Case Status: Victory
Operation King’s Dream v. Ward Connerly
CIR defends Michigan civil rights initiative
The Center for Individual Rights represented the Michigan Civil Rights Initiative (MCRI) against a last-minute effort by opponents to keep it off the November 2006 ballot by challenging its legality under the federal Voting Rights Act.
In July 2006, an organization called “Coalition to Defend Affirmative Action, Integration and Immigrant Rights and Fight for Equality By Any Means Necessary” (“BAMN”) filed suit in federal court alleging that some petition circulators obtained the signature of black individuals “by saying that the petition supported affirmative action.” Contending that these alleged statements amounted to fraud in violation of the federal Voting Rights Act, BAMN’s suit demanded that the initiative be removed from the November ballot.
CIR represented MCRI and several citizens named in the suit, including Jennifer Gratz and Ward Connerly. On August 3, 2006, CIR filed a motion asking the court to promptly dismiss BAMN’s suit. CIR contended that the largely frivolous action failed to state a claim under the Voting Rights Act and that even if it did, allowing the suit to go forward would violate the free speech rights of petition supporters.
Finding that MCRI had not violated any measures of the Voting Rights Act, Judge Tarnow of the U.S. District Court for the Eastern District of Michigan denied BAMN’s motion to remove MCRI from the ballot. The U.S. Court of Appeals for the Sixth Circuit then rejected BAMN’s appeal, allowing MCRI to appear on the November 2006 ballot. The MCRI subsequently passed by a 58-42 margin.
Noisy effort to deny free speech rights
BAMN’s suit made the nonsensical claim that putting the civil rights referendum on the ballot would have somehow violated the 1965 voting rights act, which prohibits states from denying citizens the right to vote on the basis of race. In the topsy-turvy world in which the theory lived, it would have violated federal law to give all voters — regardless of race — the chance to vote on the initiative designed to end racial preferences.
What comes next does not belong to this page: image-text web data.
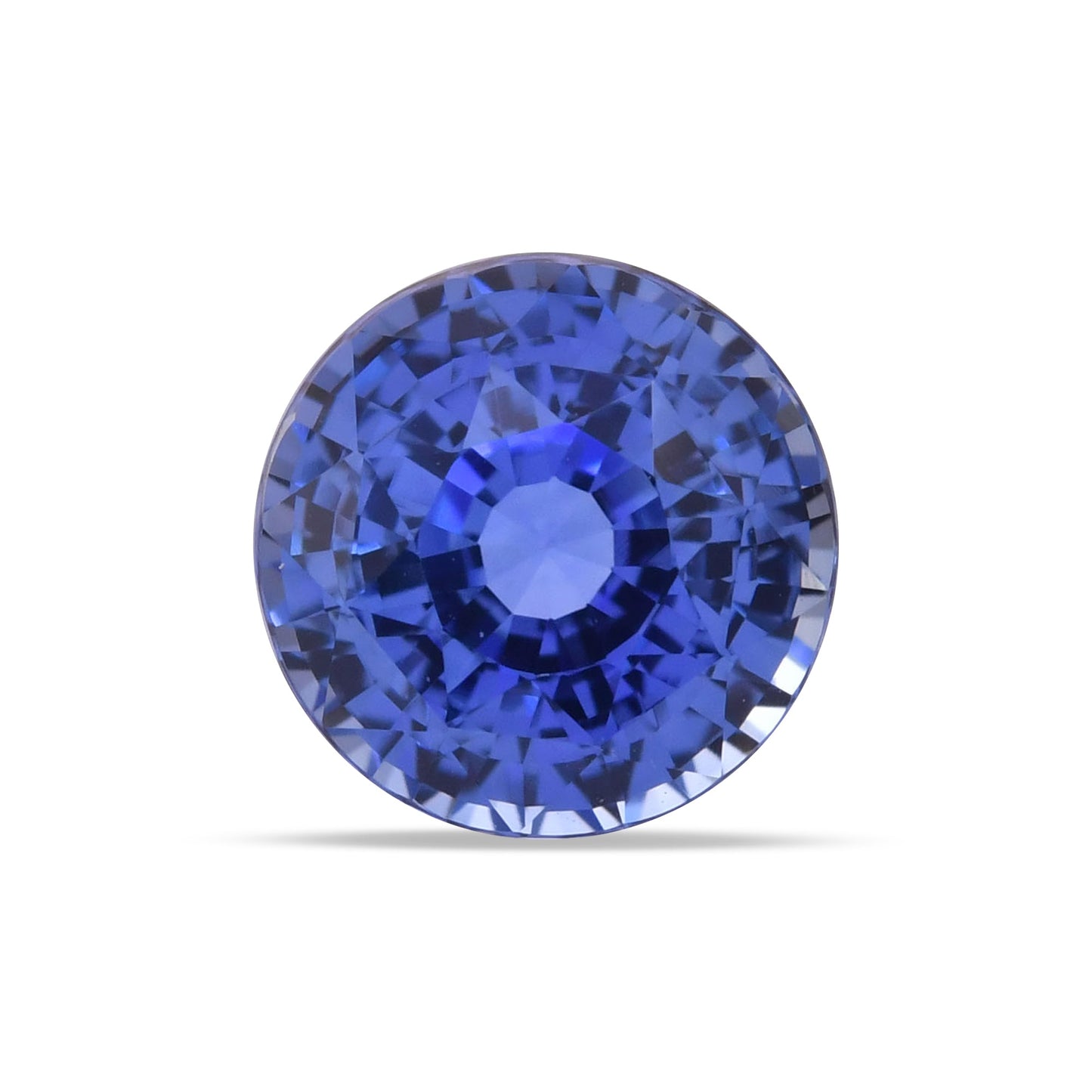 3,61 Karat blauer runder Saphir aus Sri Lanka (CD)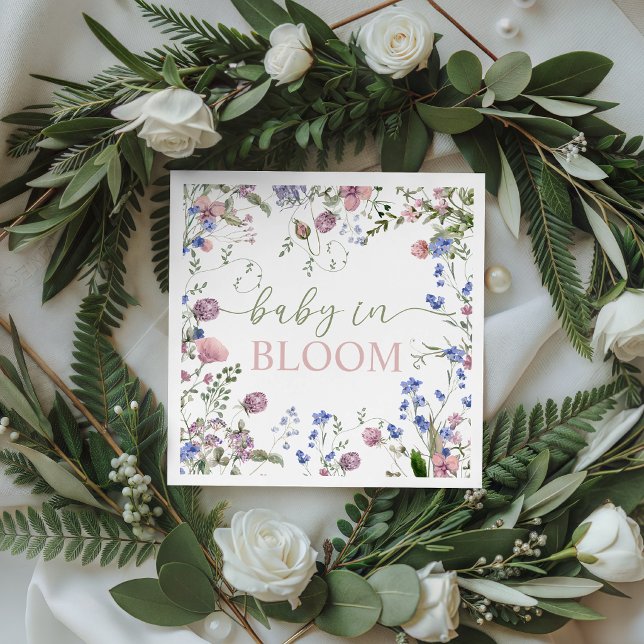 Vilda blommor Baby Shower servetter (Skapare uppladdad)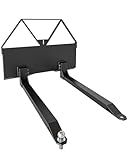 2600 LBS Heavy Duty Pallet Forks with Trailer Hitch Ball Frame Attachment, Q235 Steel for Tractor and Loaders in Farms, Warehouses & Construction Site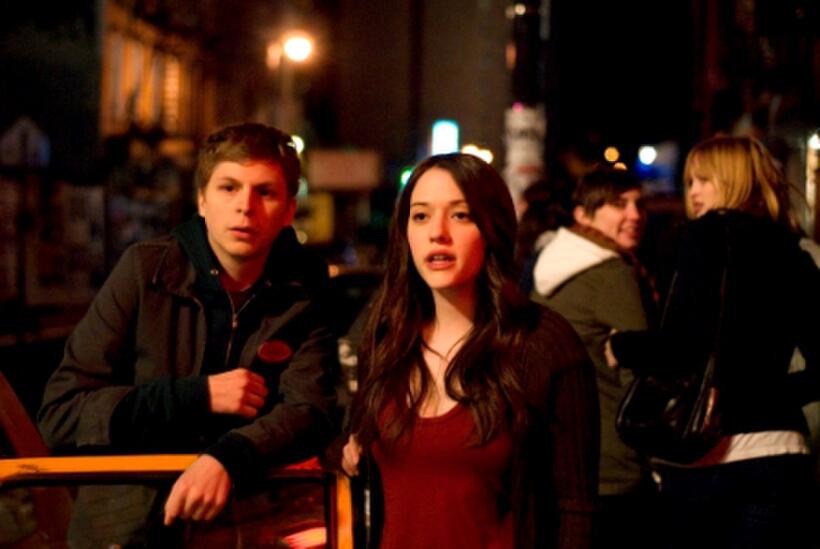 Michael Cera as Nick and Kat Dennings as Norah in "Nick and Norah's Infinite Playlist."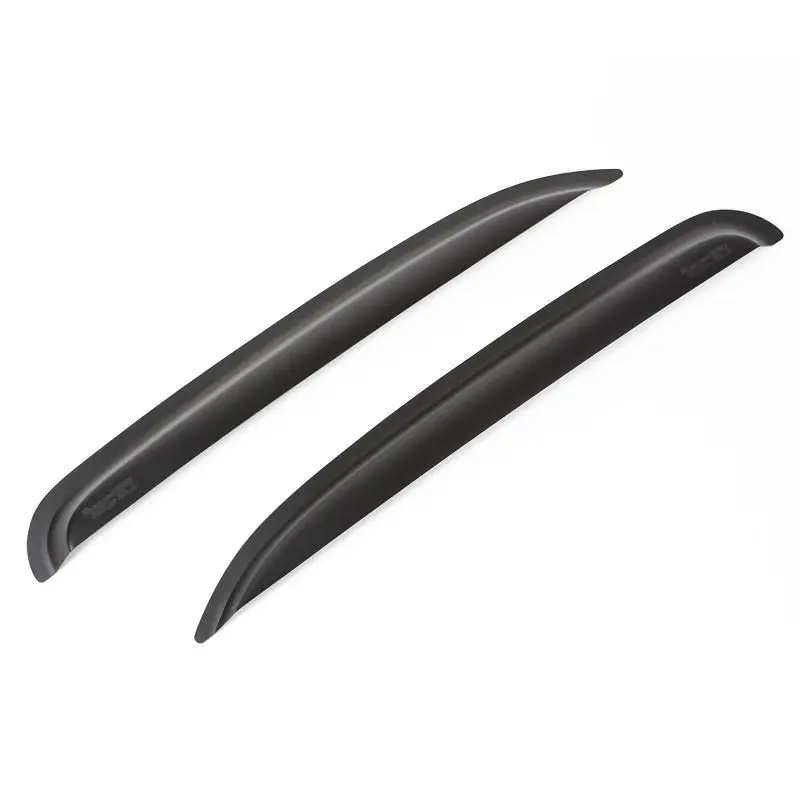Rugged Ridge Rear Window Visors Black 2000-2006 Chevy Tahoe GMC Yukon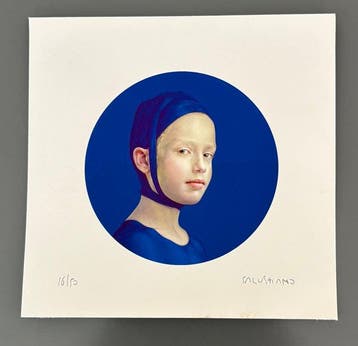 Salustiano (1965) - June Mini (blue), Antiquités & Art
More troubling still was the dangerous precedent that BAMN hoped to set for involving federal judges in every state and local election. In this case, citizens were sued in federal court for encouraging someone to sign a petition that stated on its face exactly what it would do. By that same logic, a last-minute television commercial that “falsely” induced someone to vote for a particular candidate would also deny a person’s right to vote.